あまりにも致命的な、被捕食者としての怯えが、私を支配した。
……前線では、そんなことは別に珍しくもないらしい。
新人がその恐怖に囚われてしまうことも、不思議なことではないと。
大半が最初に濃厚な恐怖を味わい、生き延び続けて、次第に恐怖に慣れていく。
それでも、私はその後もその恐怖から、ずっとずっと抜け出せなかった。
震えるだけの無力なデクの坊。涙を流すだけの置物でしかなかった。
いつまでも部隊の足を引っ張る、新人以下の足手まとい。
そんなのが前線に居られるわけがない。そんな邪魔なやつは戦場に必要ない。
結局私は支援部隊に戻ることになる。
前線では役立たずであっても、実戦経験のある魔法少女は後方じゃ貴重な存在だ。仕事はいくらでもある。
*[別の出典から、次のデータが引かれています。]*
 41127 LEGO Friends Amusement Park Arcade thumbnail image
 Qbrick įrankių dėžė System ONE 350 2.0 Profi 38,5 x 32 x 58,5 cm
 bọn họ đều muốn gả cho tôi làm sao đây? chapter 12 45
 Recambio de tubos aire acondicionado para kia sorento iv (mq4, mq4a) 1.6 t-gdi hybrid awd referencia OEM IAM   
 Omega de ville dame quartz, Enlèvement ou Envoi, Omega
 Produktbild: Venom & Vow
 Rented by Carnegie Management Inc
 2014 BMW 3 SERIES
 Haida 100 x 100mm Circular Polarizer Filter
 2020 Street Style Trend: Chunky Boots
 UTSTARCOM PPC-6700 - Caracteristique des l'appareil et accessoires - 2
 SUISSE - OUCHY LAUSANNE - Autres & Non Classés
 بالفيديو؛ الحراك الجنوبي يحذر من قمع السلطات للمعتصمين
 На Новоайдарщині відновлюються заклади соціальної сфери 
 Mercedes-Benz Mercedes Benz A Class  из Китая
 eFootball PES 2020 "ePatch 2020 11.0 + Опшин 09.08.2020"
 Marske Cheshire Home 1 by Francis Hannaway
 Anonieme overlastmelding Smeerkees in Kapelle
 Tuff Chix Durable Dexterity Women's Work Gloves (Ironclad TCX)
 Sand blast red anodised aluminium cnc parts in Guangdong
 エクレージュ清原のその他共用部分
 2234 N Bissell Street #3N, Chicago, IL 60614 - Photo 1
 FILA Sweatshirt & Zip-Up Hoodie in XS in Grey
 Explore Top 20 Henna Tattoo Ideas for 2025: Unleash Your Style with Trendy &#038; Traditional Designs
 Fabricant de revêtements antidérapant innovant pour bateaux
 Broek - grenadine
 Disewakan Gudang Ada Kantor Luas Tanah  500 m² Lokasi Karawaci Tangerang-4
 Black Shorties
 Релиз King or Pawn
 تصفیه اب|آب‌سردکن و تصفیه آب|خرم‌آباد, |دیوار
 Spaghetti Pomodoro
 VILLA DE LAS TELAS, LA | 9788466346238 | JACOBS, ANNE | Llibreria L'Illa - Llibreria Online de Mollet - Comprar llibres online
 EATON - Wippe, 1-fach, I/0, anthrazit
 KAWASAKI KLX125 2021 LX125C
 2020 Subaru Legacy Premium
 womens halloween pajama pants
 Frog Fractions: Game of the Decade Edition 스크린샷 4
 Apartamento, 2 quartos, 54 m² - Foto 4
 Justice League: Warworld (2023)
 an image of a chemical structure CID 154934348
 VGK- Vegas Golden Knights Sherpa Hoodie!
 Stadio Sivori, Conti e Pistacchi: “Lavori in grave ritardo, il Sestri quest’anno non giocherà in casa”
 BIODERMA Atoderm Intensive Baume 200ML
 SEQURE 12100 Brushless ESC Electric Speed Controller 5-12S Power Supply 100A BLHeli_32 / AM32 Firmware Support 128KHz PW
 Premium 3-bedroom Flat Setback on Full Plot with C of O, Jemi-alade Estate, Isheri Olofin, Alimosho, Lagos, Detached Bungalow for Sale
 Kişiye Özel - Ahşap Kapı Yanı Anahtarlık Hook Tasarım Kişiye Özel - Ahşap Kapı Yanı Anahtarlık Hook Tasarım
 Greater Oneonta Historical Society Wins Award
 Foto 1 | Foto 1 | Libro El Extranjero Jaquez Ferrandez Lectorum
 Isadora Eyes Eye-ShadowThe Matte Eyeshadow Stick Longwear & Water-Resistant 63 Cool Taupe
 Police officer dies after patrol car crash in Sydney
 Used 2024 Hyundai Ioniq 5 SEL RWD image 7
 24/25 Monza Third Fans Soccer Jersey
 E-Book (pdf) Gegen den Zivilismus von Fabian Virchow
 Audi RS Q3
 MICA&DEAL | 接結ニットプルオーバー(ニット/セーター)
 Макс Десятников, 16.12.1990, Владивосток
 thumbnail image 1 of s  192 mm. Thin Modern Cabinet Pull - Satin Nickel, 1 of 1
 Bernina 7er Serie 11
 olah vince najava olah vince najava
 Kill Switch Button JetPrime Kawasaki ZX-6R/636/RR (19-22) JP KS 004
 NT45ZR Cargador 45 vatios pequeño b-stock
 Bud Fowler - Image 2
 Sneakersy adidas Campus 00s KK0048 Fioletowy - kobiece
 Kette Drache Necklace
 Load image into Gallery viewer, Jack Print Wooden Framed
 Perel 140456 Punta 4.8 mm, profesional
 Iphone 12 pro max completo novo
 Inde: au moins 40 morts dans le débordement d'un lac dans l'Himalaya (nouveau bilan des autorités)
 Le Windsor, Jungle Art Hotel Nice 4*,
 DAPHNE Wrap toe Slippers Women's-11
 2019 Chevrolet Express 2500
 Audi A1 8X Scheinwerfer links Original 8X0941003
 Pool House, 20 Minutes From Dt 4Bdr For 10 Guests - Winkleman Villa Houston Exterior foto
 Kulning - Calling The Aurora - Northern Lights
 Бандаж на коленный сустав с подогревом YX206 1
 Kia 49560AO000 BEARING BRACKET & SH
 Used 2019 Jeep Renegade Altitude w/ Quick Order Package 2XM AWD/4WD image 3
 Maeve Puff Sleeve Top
私は教練担当の魔法少女となり、大人たちと共に、少し前まで一般人だったはずの可哀そうな子供たちを、徹底的に苛め抜くことになった。
覚悟をしてもらうために。
いつかこいつらが前線に行った時、恐怖に囚われ命を落とさないようにするために。
私は運が良かっただけだ。たまたま仲間に助けてもらえただけ。
そうでなければ、私の初めての実戦は、たったの8分間で人生もろとも幕を閉じていた。
相手は野生動物じゃない。
例えば普通の動物なら。クマの様な猛獣だったとしても、遭遇していきなり命のやり取りになることはまずないだろう。
でも魔獣は違う。明確な人類の敵。即座に戦闘が始まり、必ずどちらかの命が消える。それが前線の日常。
呆けてしまえばそれだけで死にかねない。一瞬でも油断すれば危険にさらされる。
訓練が何の役にも立たなかったとは言わない。だが私には覚悟が足りていなかった。
今でも、体力面や魔力射撃の精度などでは前線の人たちに負けていると思わない。
基礎技能だけなら、隊長クラスとだって渡り合える自信がある。
それでも、魔獣と戦うなんて、私には到底無理だ。
あの、生臭い獣臭を遠くから感じるだけで、身体の震えが止まらなくなる。
頭が真っ白になり、涙が勝手にあふれ出してしまう。
前線から元の支援部隊に戻る前に、一時期だけ四国にある精神衛生の保養部隊へと回された。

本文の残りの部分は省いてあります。